# IR Lab WiSe 2023: Stopword Lists

This tutorial shows how to configure and use custom stopword lists in PyTerrier.

**Attention:** The scenario below is cherry-picked to explain the concept of stopword lists with a minimal example.


## Preparation: Install dependencies

In [None]:
!pip3 install python-terrier



## Our Scenario

We want to build a search engine to support web developers working with CSS.

Our search engine has the following 3 documents:



In [None]:
import pandas as pd

documents = pd.DataFrame([
    {'docno': 'd1', 'text': 'In CSS, ::before creates a pseudo-element that is the first child of the selected element.'},
    {'docno': 'd2', 'text': 'In CSS, ::after creates a pseudo-element that is the last child of the selected element.'},
    {'docno': 'd3', 'text': 'The ::first-line CSS pseudo-element applies styles to the first line of a block-level element.'}
])

We create an index containing our three documents and use BM25 as retrieval model:

In [None]:
import pyterrier as pt
if not pt.started():
    pt.init()

def create_index(df):
    indexer = pt.DFIndexer("./index", overwrite=True)
    index_ref = indexer.index(df["text"], df["docno"])
    return pt.IndexFactory.of(index_ref)

index = create_index(documents)

PyTerrier 0.9.2 has loaded Terrier 5.7 (built by craigm on 2022-11-10 18:30) and terrier-helper 0.0.7

  for column, value in meta_column[1].iteritems():


In [None]:
bm25 = pt.BatchRetrieve(index, wmodel="BM25")

## The Problem

Our search engine is now in operation for a while and we already received some positive feedback.
Still, we received some mails that complained that our search engine retrieves no relevant results for queries like "before", "css before", "after", and "CSS after".

We wonder why this is the case, because our index contains relevant documents for all four mentioned queries: (1) document `d1` is relevant for queries like "before" and "css before", and (2) document `d2` is relevant for queries like "after", and "CSS after".

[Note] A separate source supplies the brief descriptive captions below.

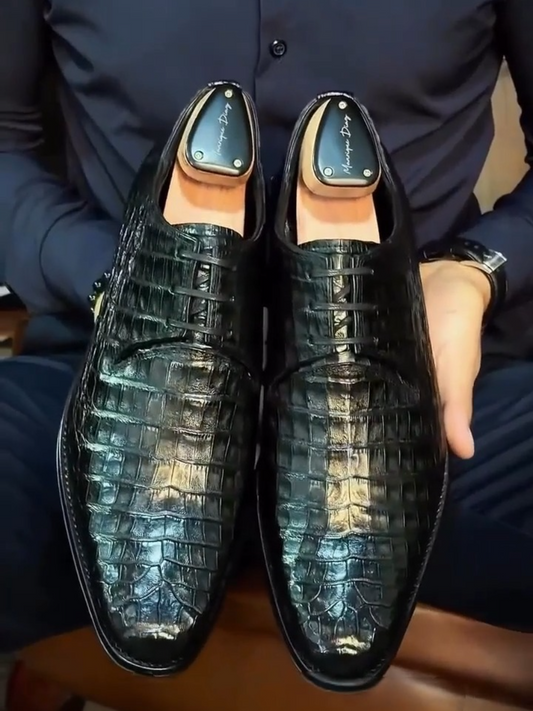 Handcrafted Crocodile Leather Men's Dress Shoes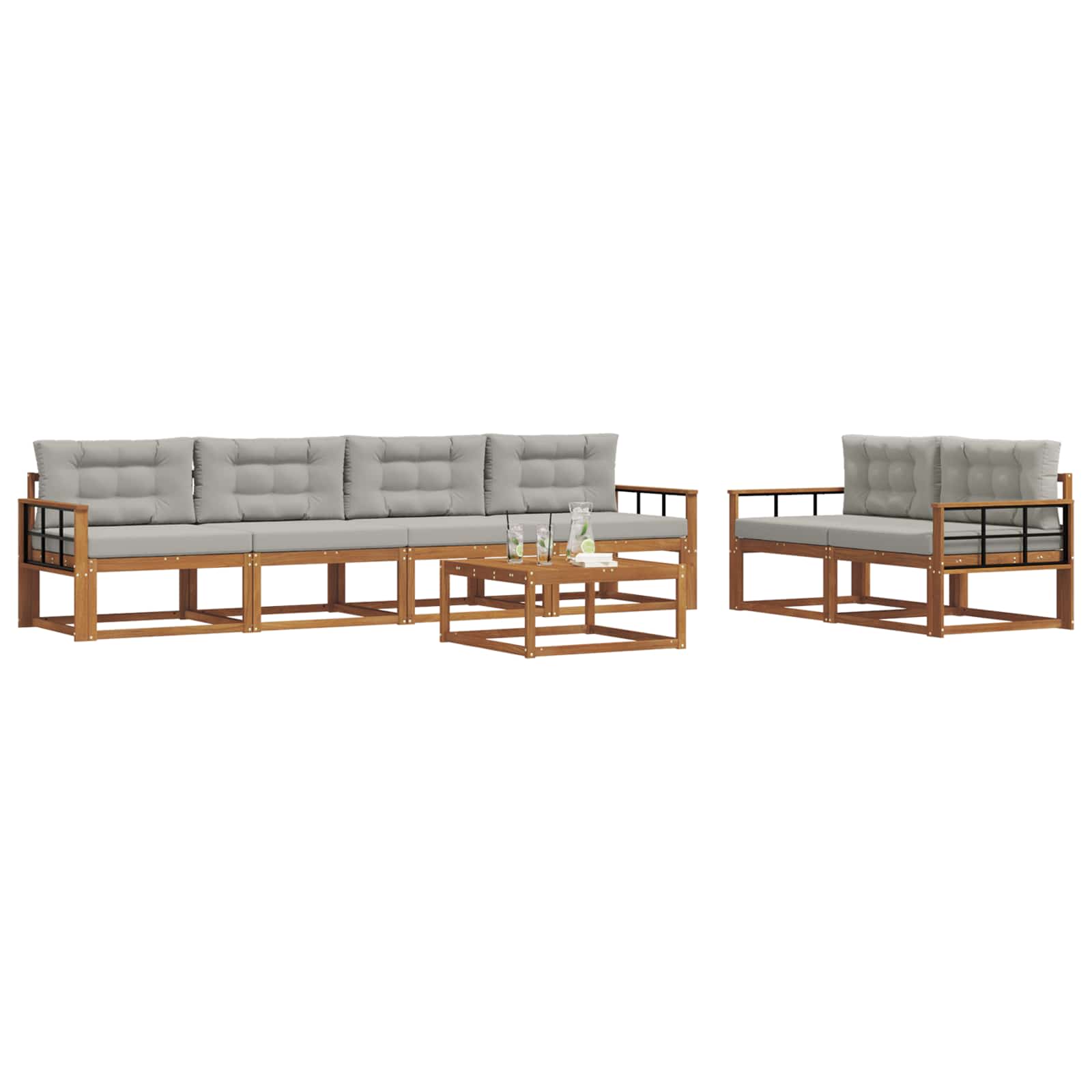 Set vanjskih sofa 7 pcs Prirodna i svijetlo siva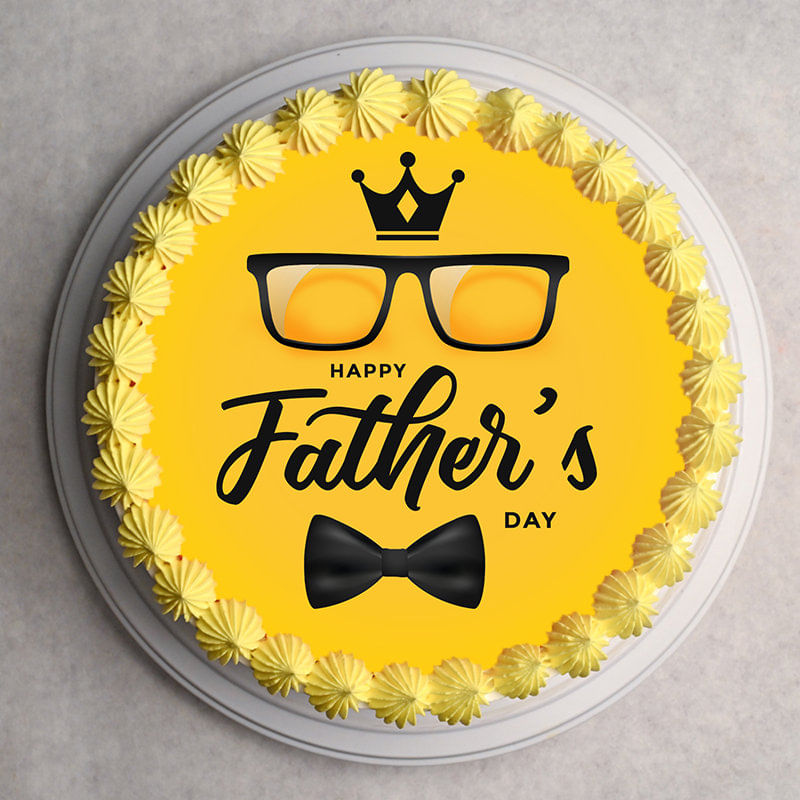 Delicious Customized Fathers Day Photo Cake - Top View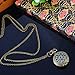 Souarts Antique Bronze Color Round Pocket Watch Hollow Green Enamel Leaf Engraved 80cm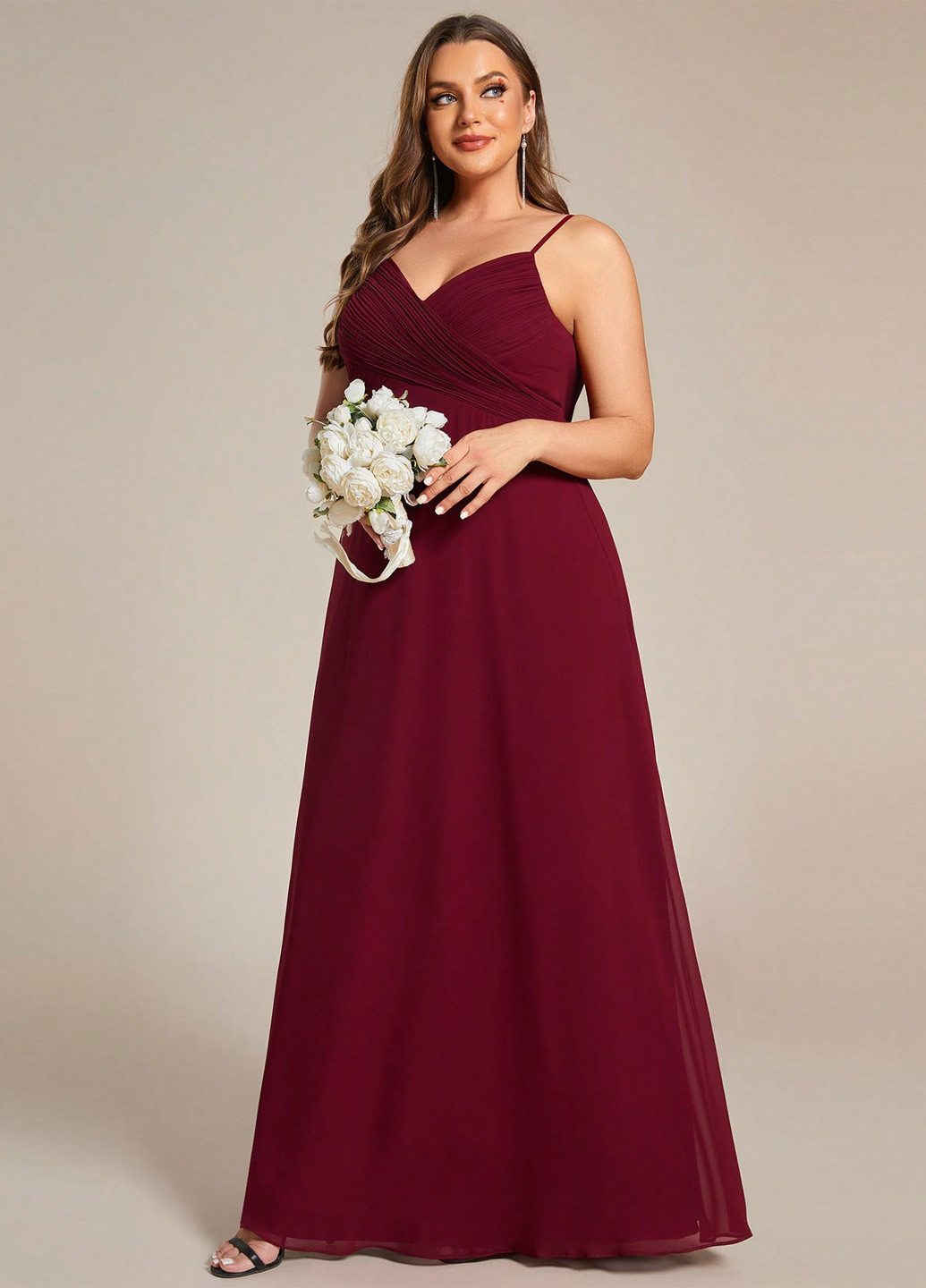 Бордовое вечернее платье в стиле ампир SHEIN однотонное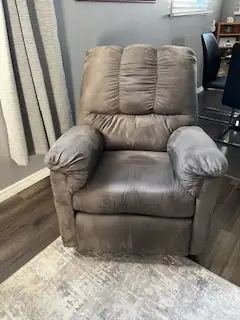 Grey rocker/recliner chair, View more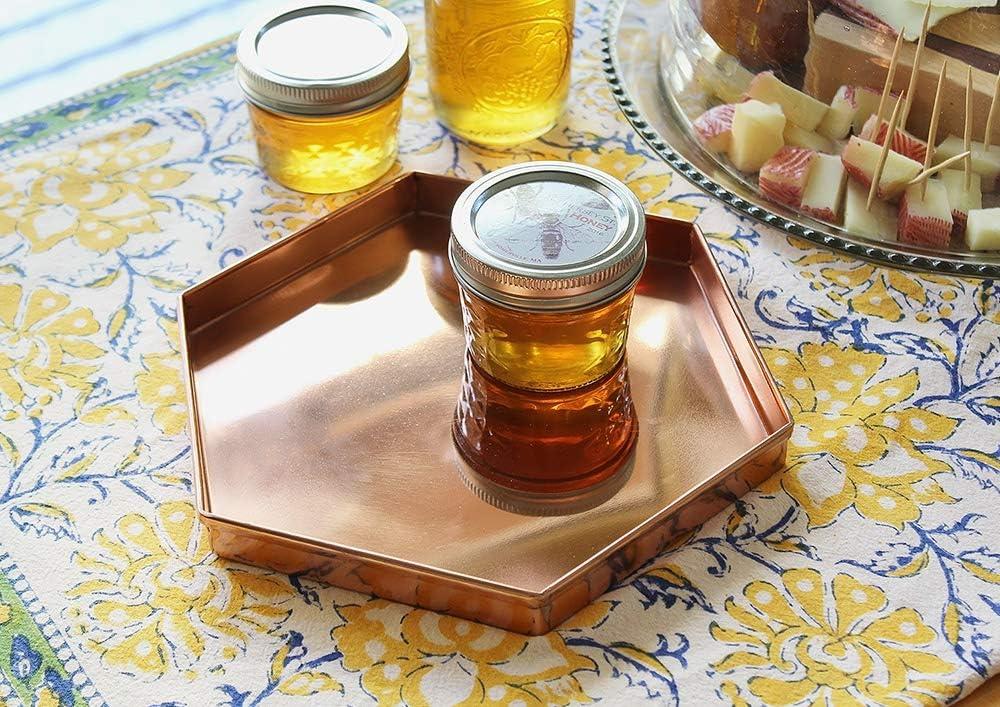 9" 3pc Decorative Hexagonal Stainless Steel Trays Copper Plated Finish - ACHLA Designs: Handmade, Rolled Edges, Indoor/Outdoor Use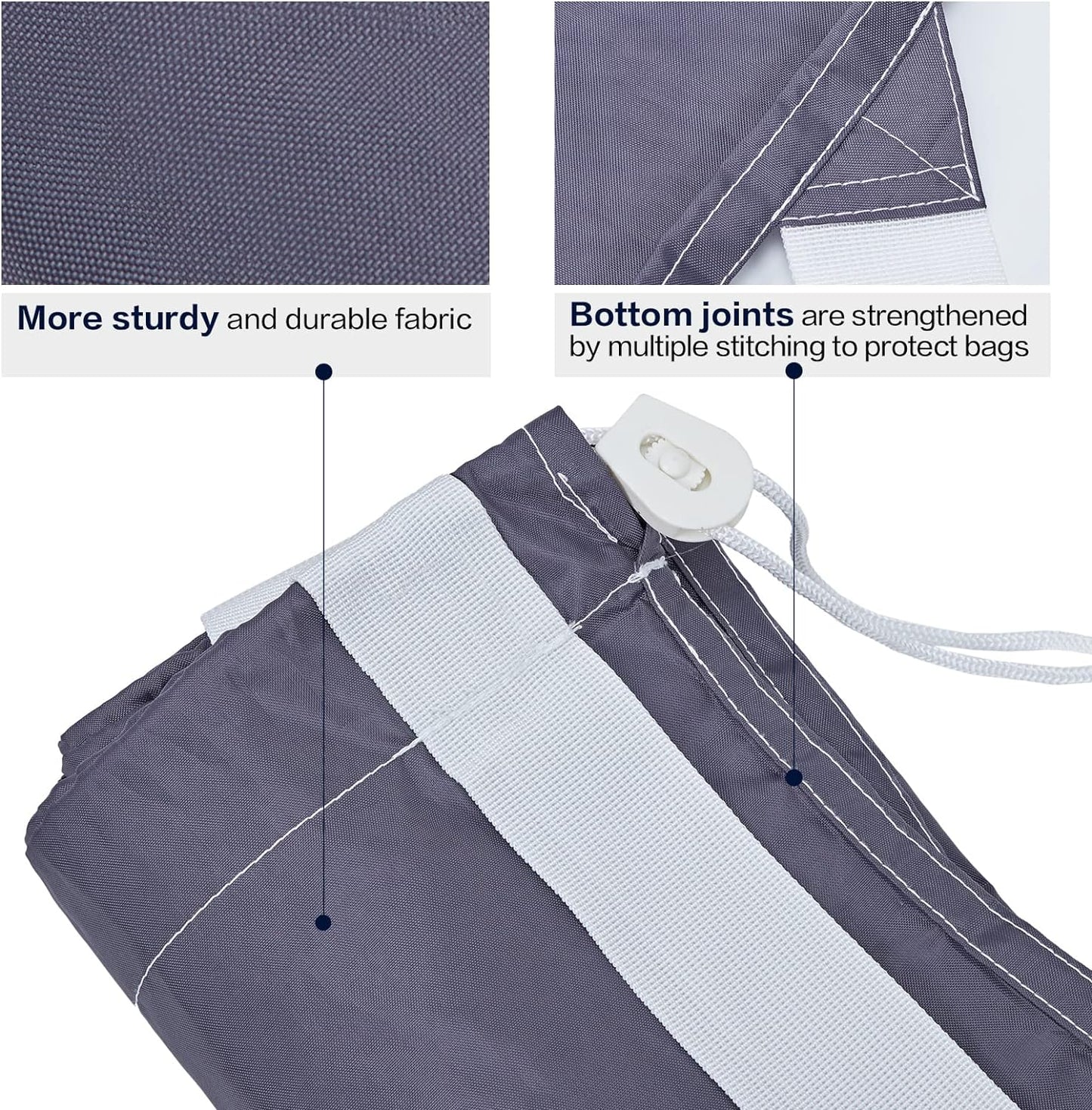 HOMEST XL Nylon Laundry Bag with Strap, Large Dirty Garments Organizer, Easy Fit a Hamper or Clothing Basket, Can Carry Up to 4 Loads of Clothes, Gray
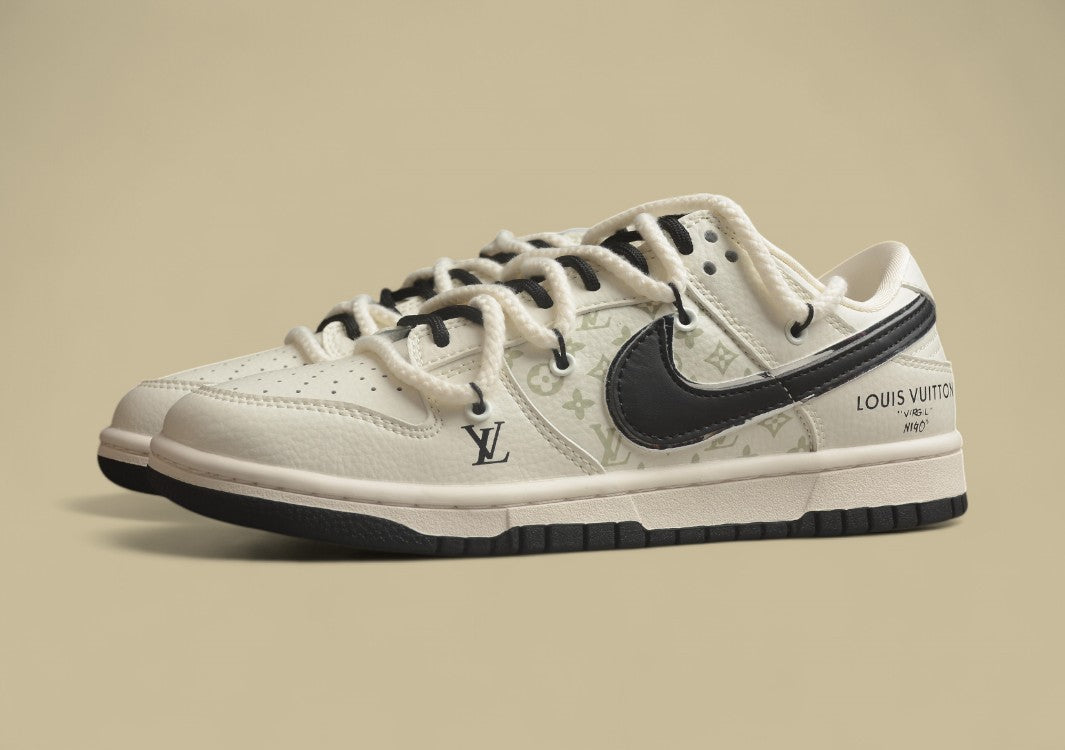 Nk Sb Dunk Low Lv Joint-beige Black Hook Silver Edge Printing Anniversary High-end Customized Low-top Casual Sneakers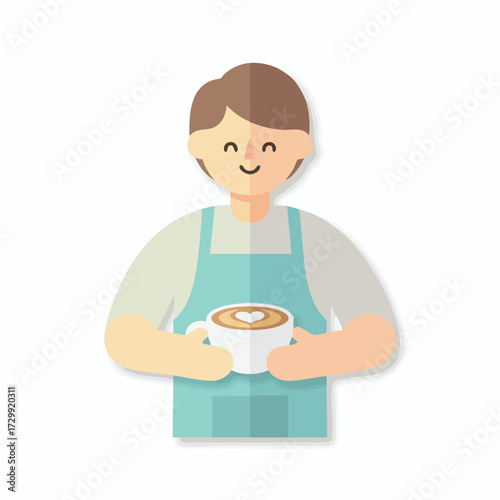 Friendly barista with a heart-shaped latte art, serving a warm and comforting coffee beverage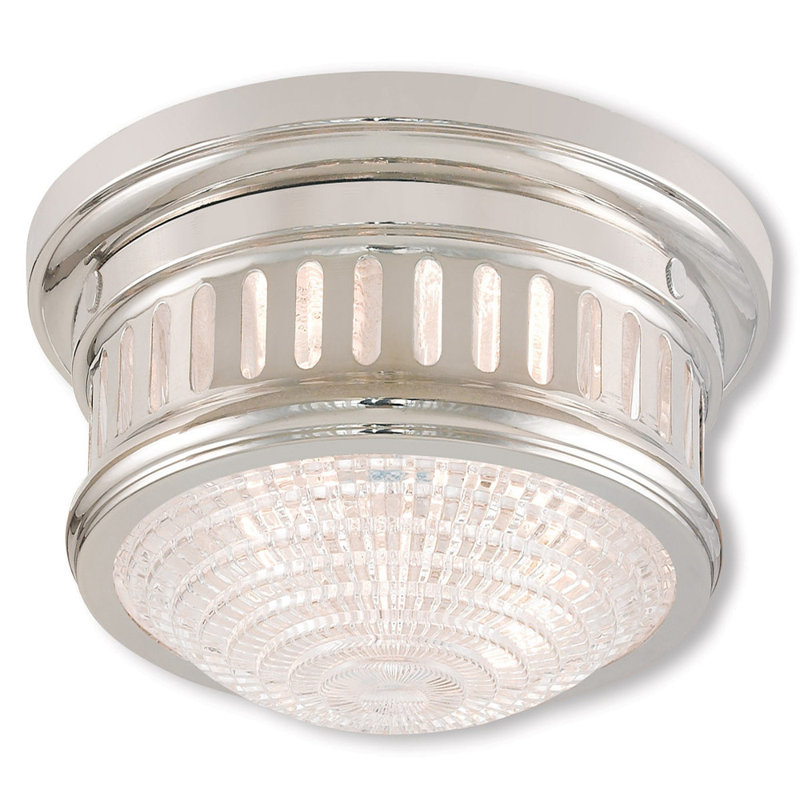 Bywell Glass Flush Mount, 5" H x 11" W x 11" D, Polished Nickel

Lets look into the problem:

In [None]:
# searching for before returns no results
bm25.search("before")

Unnamed: 0,docid,docno,rank,score,qid,query


In [None]:
# searching for after returns no results
bm25.search("after")

Unnamed: 0,docid,docno,rank,score,qid,query


In [None]:
# searching for css before returns results, but the relevant document d2 is only on the last position
bm25.search("css after")

Unnamed: 0,qid,docid,docno,rank,score,query
0,1,2,d3,0,-2.513562,css after
1,1,0,d1,1,-2.981605,css after
2,1,1,d2,2,-2.981605,css after


## The Solution

After some more debugging, we found out that [after](https://github.com/terrier-org/terrier-desktop/blob/master/share/stopword-list.txt#L206) and [before](https://github.com/terrier-org/terrier-desktop/blob/master/share/stopword-list.txt#L332) are both on the default stopword list and therefore removed from the documents and index.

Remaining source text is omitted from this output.